That evening, we were treated by the President of the Alumni Association, Mr Tony Chan, to drinks at one of London’s most exclusive hotels, the Mandarin Oriental; and, the following evening, to dinner at a top-tier restaurant in the Bank district. To see money fly thick through the air was an experience indeed, and it took some convincing to establish that we had not inadvertently stumbled onto the set of a British remake of The Great Gatsby.
While in London, we also received lessons from five wonderful musicians at the Royal Academy of Music, the Royal Guildhall School of Music, and King’s Place: violinist/violist Max Baillie, cellist Natalie Clein, a brilliant violist with the Academy of Ancient Music, violist Paul Cassidy (of the Brodsky String Quartet), and cellist John Myerscough (of the Doric Quartet). Will and I found them instructive and highly thought-provoking, and spent hours discussing their implications.
After a week bursting at the seams, we flew to Austria, to hear pianist Fazil Say perform with the Camerata Salzburg at Schloss Esterházy, Eisenstadt, the palace where Josef Haydn lived and worked for most of his life. It was a privilege bordering on time travel to hear a rousing performance of Haydn’s Military Symphony in the Haydnsaal, the very space in which Haydn premiered so much of his music! Eisenstadt also provided a charmingly provincial weekend retreat from the Big Smoke, in the form of a noticeably slower walking pace, and the heavy silence that envelopes the Austrian countryside every Sunday (conscientious objection by kebab shops notwithstanding).

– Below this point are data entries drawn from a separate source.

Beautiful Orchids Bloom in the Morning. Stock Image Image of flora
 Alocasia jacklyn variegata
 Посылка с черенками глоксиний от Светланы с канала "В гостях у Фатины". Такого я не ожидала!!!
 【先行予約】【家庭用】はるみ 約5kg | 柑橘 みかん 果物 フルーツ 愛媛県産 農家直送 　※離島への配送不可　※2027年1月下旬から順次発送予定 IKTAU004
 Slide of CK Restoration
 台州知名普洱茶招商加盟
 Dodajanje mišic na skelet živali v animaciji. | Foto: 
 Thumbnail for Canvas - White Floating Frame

Next stop was Finland, to attend the Kuhmo Chamber Music Festival. Kuhmo, 600km north of Helsinki, provided yet another brand of provincial charm: virtually untouched by architectural developments of this millenium, with two traffic lights in the entire town, nestled in thick forest and fresh air hugging the bank of a lake. We took lessons from Antti Tikkanen, Minna Pensola and Tomas Djupsjöbacka, the two violinists and cellist of the wonderful Finnish quartet, Meta4; and also from one of our biggest idols, violinist Daniel Rowland (leader of the Brodsky Quartet, among other ensembles). The advice we received on Bach in particular was revelatory, as was hearing Rowland demonstrate (on my violin, no less!) in our lessons. We were also selected to perform in a matinee concert at the Kuhmo Arts Centre; and, to our surprised delight, we were invited by Daniel Rowland to play in his chamber music festival in Stift, The Netherlands, next August.
The highlight, however, was hearing these musicians in concert. Vivaldi’s Four Seasons, each performed by a different Finnish violinist, had a raw energy and abandon that perhaps only two hours of rehearsals could facilitate (or so we were told!); Piazzolla’s reply, the Four Seasons of Buenos Aires, with Marcelo Nisinman on bandoneon (who learnt from Piazzolla himself), held us spellbound and left us invigorated; and I found Meta4’s rendition of Schubert’s final string quartet among the most profoundly touching performances I have heard.
Everything about Kuhmo was a dream: talking with artists around a communal bonfire into the wee hours of the morning (when the sun finally set!); discovering rönttönen, a hardy Finnish dessert made of rye (rye!) dough surmounted by lingonberries; and sleeping (perfectly legally) under a staircase in a local high school to keep down costs (if it was good enough for Harry Potter, we asked ourselves, who were we to grumble?). I hope to return.
Our last lessons took us to Switzerland. In Bern, we played our entire Brahms sonata for the barefoot fiddler, Patricia Kopatchinskaja, another of our greatest role models. Witnessing the juices of her inimitable musical imagination flow in real time inspired us beyond measure. We also felt enormously validated by her instinctual approach to story-telling through sound, unfettered by the prejudices of style and tradition.
And in Basel, we played for Rainer Schmidt, second violinist of the Hagen Quartet. Having learnt from him in Salzburg last year with the Hillel Quartet, I arrived with high expectations, which were monumentally exceeded. Schmidt solemnly enjoined us to think like a composer – to understand why the composer made each harmonic and structural decision in the score. For Schmidt, music is a language, with meaning, like any other; and it is the musician’s job not merely to produce sound, but to convey that meaning through sound.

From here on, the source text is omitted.